During the presidential election the Huffington Post’s US site carried the following editor’s note at the end of every story about the Republican nominee: “Donald Trump regularly incites political violence and is a serial liar, rampant xenophobe, racist, misogynist and birther who has repeatedly pledged to ban all Muslims – 1.6 billion members of an entire religion – from entering the US.”
Shortly before 6am on that long election night – in between Trump’s winning Iowa and being declared the victor in Pennsylvania – the Washington bureau chief announced that the note would be removed, “in respect for the office”, and that it was time for a “clean slate”.
Younge's column pointed out what I find all-but infuriating -- that those with the loudest moral mouths in the long-ago-and-far-away stand a good chance of divorcing themselves from the demagogue they helped to erect. Yes, Trump is a liar et al, but those riding his coat tails have their own obfuscations to own up to ... and probably won't ... probably without political penalty.
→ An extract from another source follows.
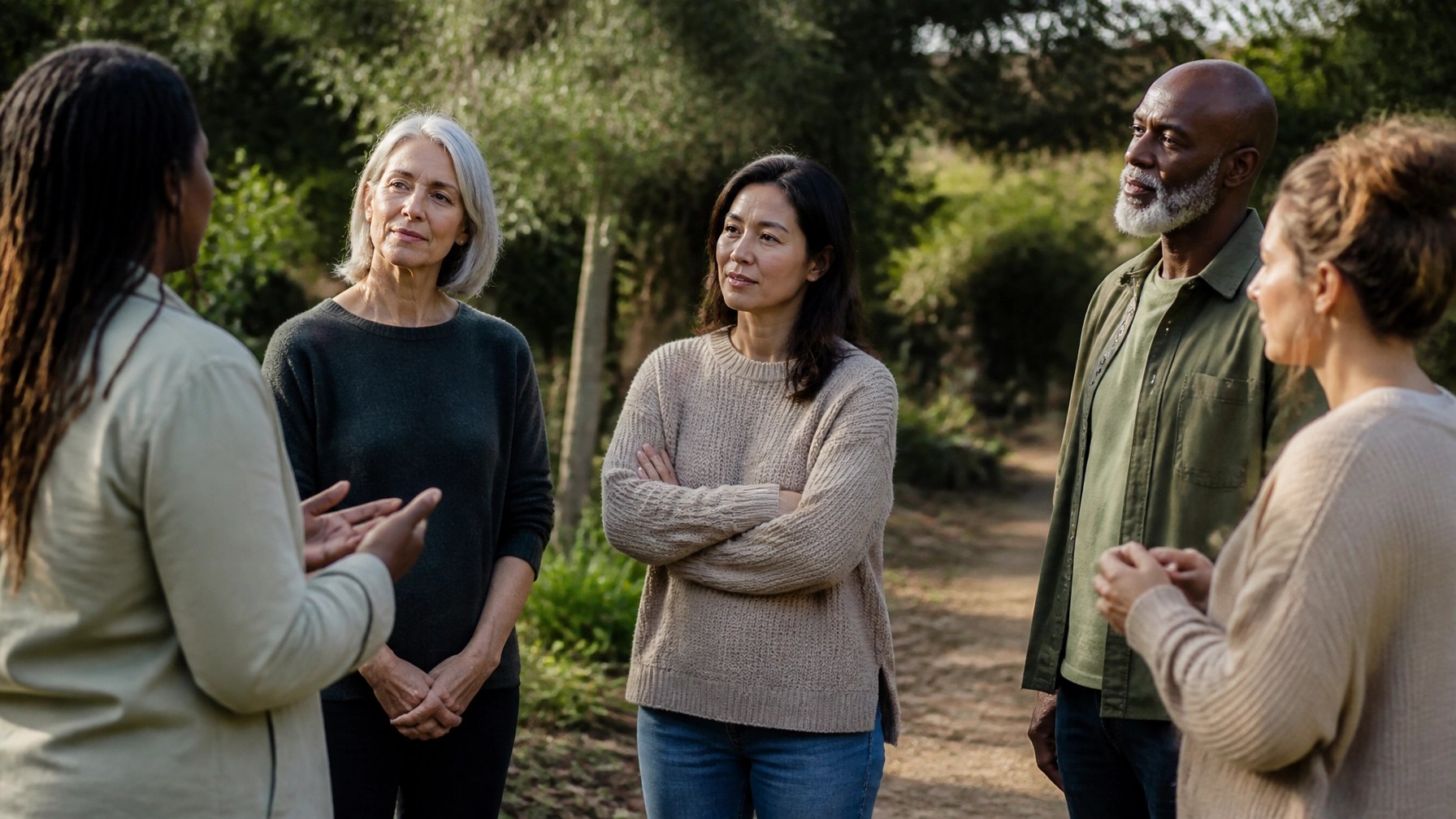 A small group standing together on a quiet garden path in soft natural light, highlighting the shared responsibility of caring for one another in times of struggle.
Where is the "decency" you might think a man or woman might elect to attribute to the reflection in the mirror? Only the safest of the safe -- those who have quit or been fired and not always they -- dare to speak up. The venality has always been obvious ... but, a part of me wonders, does it have to be that obvious?

Here's a small laundry list of swampy delights laid at Trump's doorstep... and it's all-but a year old: from The Atlantic.

I wish I could say I were not likewise culpable.

candidate presses the flesh

A Democratic candidate has made history by appearing in an election campaign advert believed to be the first in the US to feature a same-sex kiss. Richard Madaleno, who is running in the party primary for state governor in Maryland, kisses his husband, Mark Hodge, and then says: “Take that, Trump!” [The Guardian]
Well, kiss my grits!

suicide watch for 'them' and 'us'

(Reuters) - U.S. celebrity chef Anthony Bourdain, host of CNN’s food-and-travel-focused “Parts Unknown” television series, killed himself in a French hotel room, CNN said on Friday, in the second high-profile suicide of a U.S. celebrity this week. He was 61.....
Suicide rates rose in nearly every U.S. state from 1999 to 2016, according to data from the U.S. Centers for Disease Control and Prevention on Thursday. Nearly 45,000 people committed suicide in 2016, making it one of three leading causes of death that are on the rise, along with Alzheimer’s disease and drug overdoses.


Does it count as a relief that Indian farmers aren't the only ones choosing to die rather than go on living?

Thursday, June 7, 2018

tall (spiritual) tales

Is there a spiritual persuasion anywhere that does not sip mythology's/hagiography's waters? I doubt it. Tall tales make good reading for those inclined.

I always was partial to the tale of Ramakrishna, a 19th-century Vedanta Hindu whose peregrinations I admired at the time. One day Ramakrishna is said to have run into Jesus as he walked down a road. Jesus passed into Ramakrishna's body, the tale said. What persuaded me at the time of reading was the description of Jesus as having a flattened tip to his nose. Good details make for good myths.

But on reflection, this small tale of encouragement and ballyhoo is useful if you believe it and useful if you don't.

Either way, your coffee's getting cold. Does spiritual persuasion get any better than this?